Publisher: Tracey McDonald Publishers

I was in my mid-teens when I went out with my parents one night to the Durban Folk Club. I don’t remember much from that evening. The image of one musician, however, has always stayed with me. He was a skinny bloke with black hair down his back. He was wearing a long black coat, a leopard skin hat and an acoustic guitar. That was Syd Kitchen.

More than deserving of a place in Durban’s pantheon of colourful characters, struggling musos and lovable rogues, his bittersweet, tragicomic life is laid bare in Cape Town author Donvé Lee’s Scars That Shine. It’s not often you come across an autobiography that isn’t written by the subject, but Lee went out on a creative limb and,writing in first person, succeeded in capturing Syd in his own voice. Moments of clarification, verification and vilification are provided by those who drifted in and out of the old skabenga’s life.

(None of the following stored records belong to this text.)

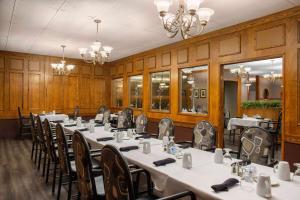 Days Inn & Conference Centre by Wyndham Camrose Norsemen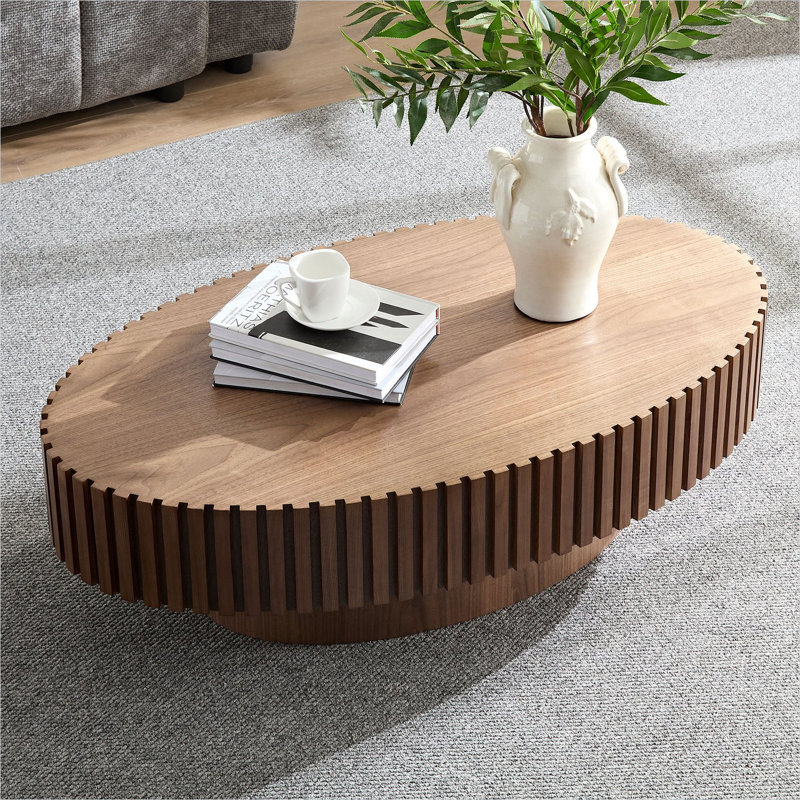 Table basse cylindrique ovale de taille compacte en bois aggloméré brun classique de 43,7 pouces pour le salon ou la chambre à coucher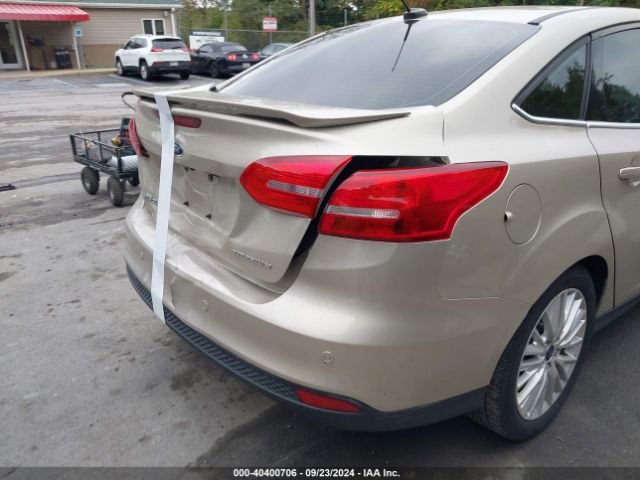 1FADP3J21HL267968 Ford Focus Titanium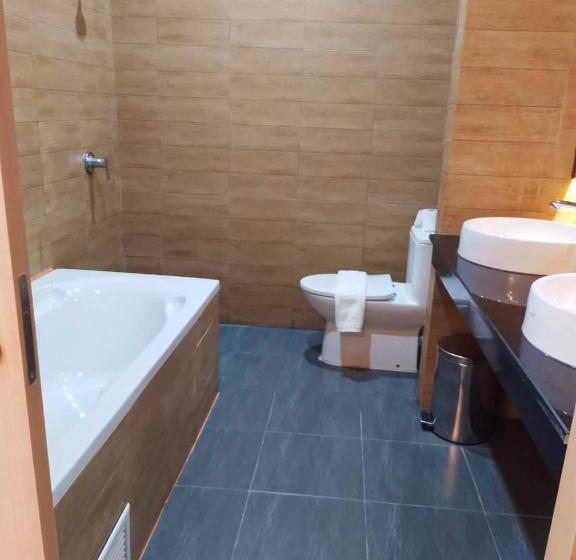 בית מלון כפרי Mayflower Grande Suite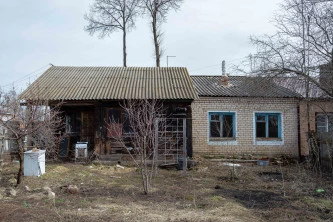 Нежилое здание, объект незавершенного строительства с земельным участком в Лев Толстой.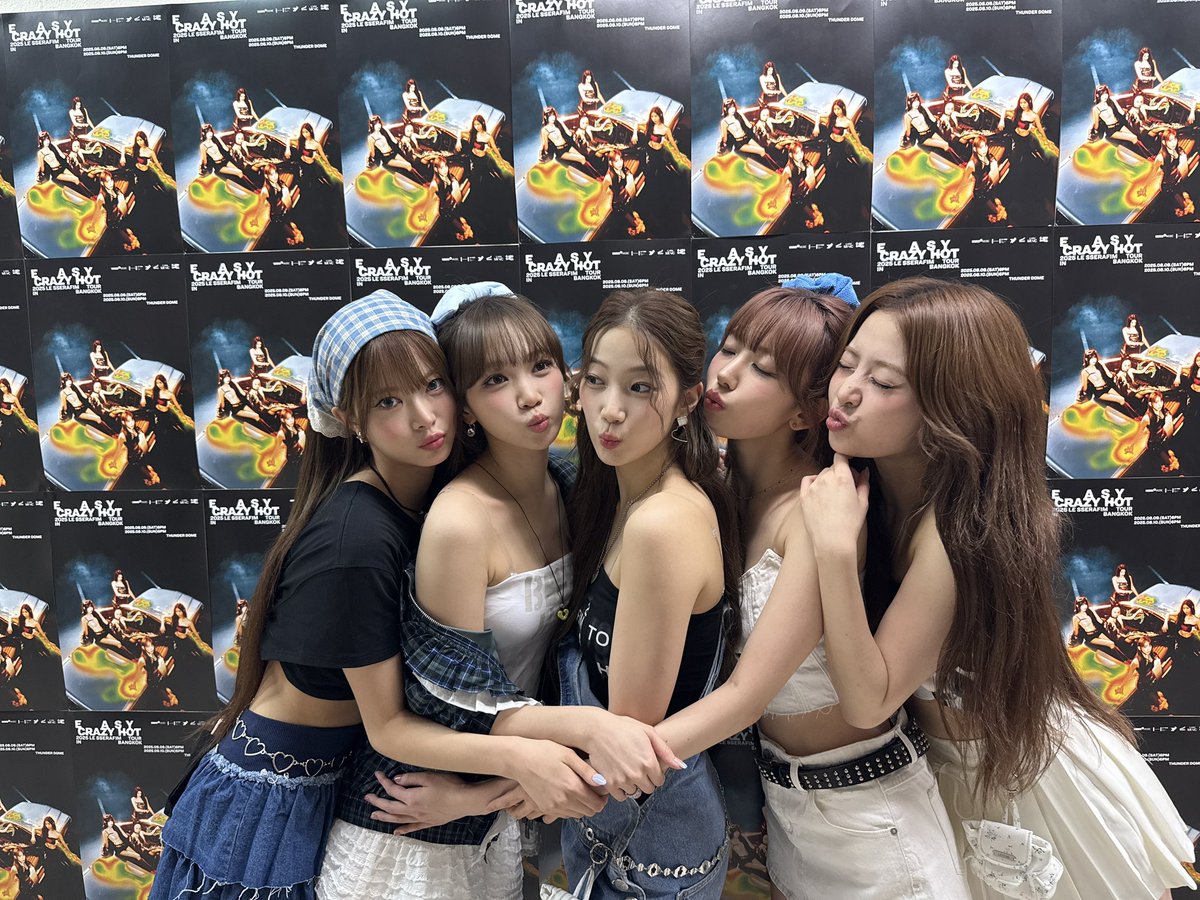 [WEVERSE DM] 250810 #HUHYUNJIN 🐶 

: Hehe
: We’re cute right
: First day in Bangkok! It was very meaningful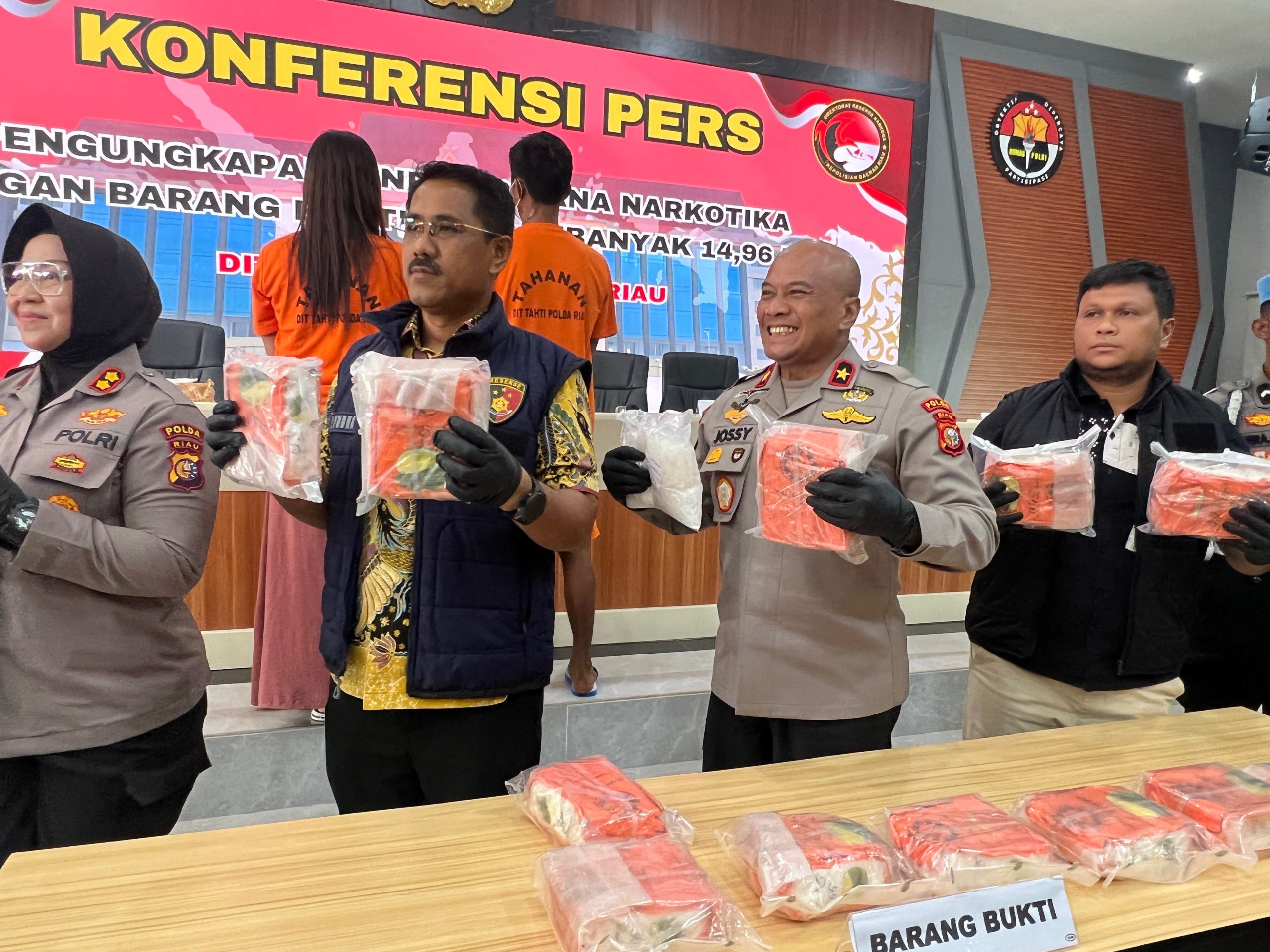 Pasangan Kekasih Ditangkap Bawa 14,96 Kilogram Sabu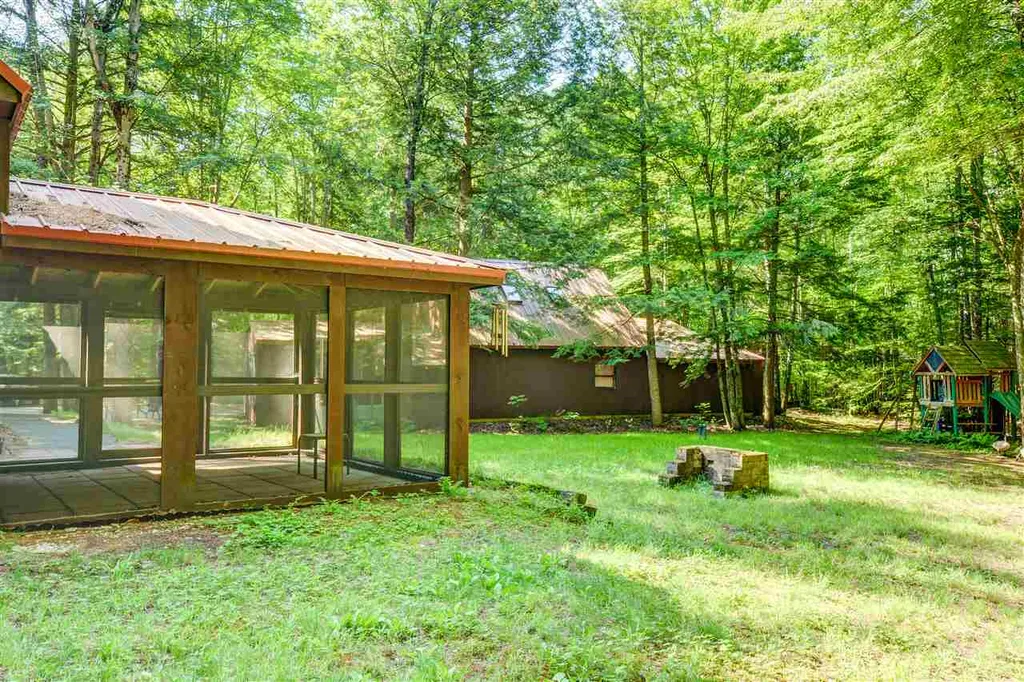 24 Hemlock Road Barnstead NH 03218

Lee first met Syd in 2001. Later, on another of his trips to Cape Town, he semi-seriously asks her to write his memoirs one day. The guitar-toting reprobate would be delighted to know that she’s done just that. Lee found her way into his hyper hippy head through hours of research and talking to his daughters, musicians, academics and long-suffering friends and lovers.

Syd spent much of his life in Umbilo. Determined to be as good a guitarist as his brother Pete, he worked hard at developing his talent. He worked even harder at developing his addictions. If it was harmful and within reach he’d have some of it. He had no off-switch and the idling was set too high. It’s perhaps fitting the final chapter is titled, Till the Engine Seizes.

To say Syd was his own worst enemy is an understatement. He did more than anyone to sabotage his career. And yet there were moments of brilliant sunshine that streamed into the murk and mayhem. At the age of 40, he gets his honours in musicology from the University of Natal. He travels overseas to record a track on a John Martyn tribute album. Documentaries are made about him. He’s the renegade in the Aquarian Quartet with Steve Newman and Tony Cox. He plays Glastonbury.

Through it all is a simmering rage that he never made it as big as he thought he deserved. Scars That Shine whips the reader through a life that leaves one open-mouthed in admiration and antipathy in equal measure.